#### SUPPLIED ENTRIES:
BEGIN

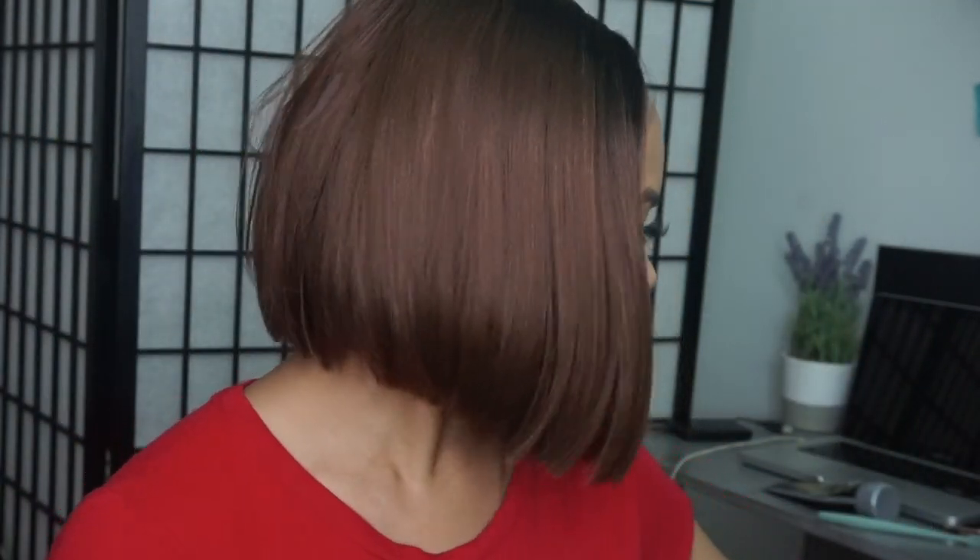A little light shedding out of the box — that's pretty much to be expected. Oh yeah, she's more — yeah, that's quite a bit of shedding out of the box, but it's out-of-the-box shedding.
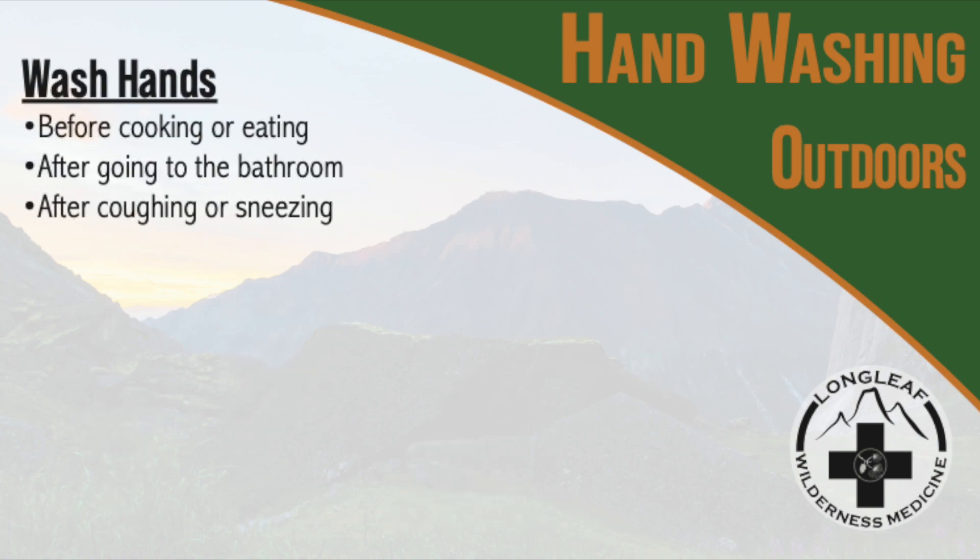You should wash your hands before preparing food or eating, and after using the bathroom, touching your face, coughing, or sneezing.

END
BEGIN

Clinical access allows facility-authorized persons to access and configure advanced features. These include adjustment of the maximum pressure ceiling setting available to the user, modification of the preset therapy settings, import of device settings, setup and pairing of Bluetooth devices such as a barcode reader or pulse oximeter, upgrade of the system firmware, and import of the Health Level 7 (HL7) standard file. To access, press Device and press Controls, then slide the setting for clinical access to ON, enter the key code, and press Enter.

END

#### TASK DETAILS:
Among the lines above, the one with "A little light" opens the part to repeat and the one with "You should wash" closes it; repeat only that part exactly, with no pictures.

#### ANSWER FOR THE TASK:
A little light shedding out of the box — that's pretty much to be expected. Oh yeah, she's more — yeah, that's quite a bit of shedding out of the box, but it's out-of-the-box shedding.
You should wash your hands before preparing food or eating, and after using the bathroom, touching your face, coughing, or sneezing.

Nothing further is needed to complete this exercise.